Invito all’emancipazione. “I laici che hanno una formazione cristiana autentica, non dovrebbero aver bisogno del vescovo-pilota, o del monsignore-pilota o di un input clericale per assumersi le proprie responsabilità a tutti i livelli, da quello politico a quello sociale, da quello economico a quello legislativo! Hanno invece tutti la necessità del vescovo Pastore!”. È un vero invito all’emancipazione quello del Papa, secondo il quale la sensibilità “ecclesiale e pastorale”, per Francesco, “si concretizza anche nel rinforzare l’indispensabile ruolo di laici disposti ad assumersi le responsabilità che a loro competono”. Anche nelle scelte e nei documenti pastorali “non deve prevalere l’aspetto teoretico-dottrinale astratto, quasi che i nostri orientamenti non siano destinati al nostro Popolo o al nostro Paese ma soltanto ad alcuni studiosi e specialisti: invece, dobbiamo perseguire lo sforzo di tradurle in proposte concrete e comprensibili”.

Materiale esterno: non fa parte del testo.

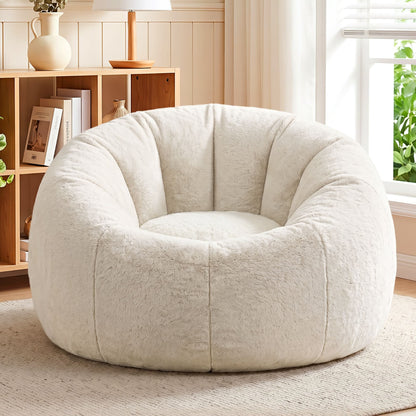 Alona.com.au Furniture > Sofas > Sofa Accessories Artiss Bean Bag Chair Cover (No Filler) Soft Faux Fur Beanbag Cover Large Round Stuffed Animal Storage Bean Bag Cover Washable Lazy Sofa Cover for Adults Kids Teens, Beige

La “collegialità” e i convegni che “narcotizzano”. “La sensibilità ecclesiale si rivela concretamente nella collegialità e nella comunione tra i vescovi e i loro sacerdoti; nella comunione tra i vescovi stessi; tra le diocesi ricche – materialmente e vocazionalmente – e quelle in difficoltà; tra le periferie e il centro; tra le Conferenze episcopali e i vescovi con il successore di Pietro”. È preciso e dettagliato, l’elenco del Papa, che ha denunciato “un diffuso indebolimento della collegialità, sia nella determinazione dei piani pastorali, sia nella condivisione degli impegni programmatici economico-finanziari. Manca l’abitudine di verificare la recezione di programmi e l’attuazione dei progetti”. Ad esempio, “si organizza un convegno o un evento che, mettendo in evidenza le solite voci, narcotizza le comunità, omologando scelte, opinioni e persone”. “Perché si lasciano invecchiare così tanto gli Istituti religiosi, Monasteri, Congregazioni?”, l’altra domanda del Papa.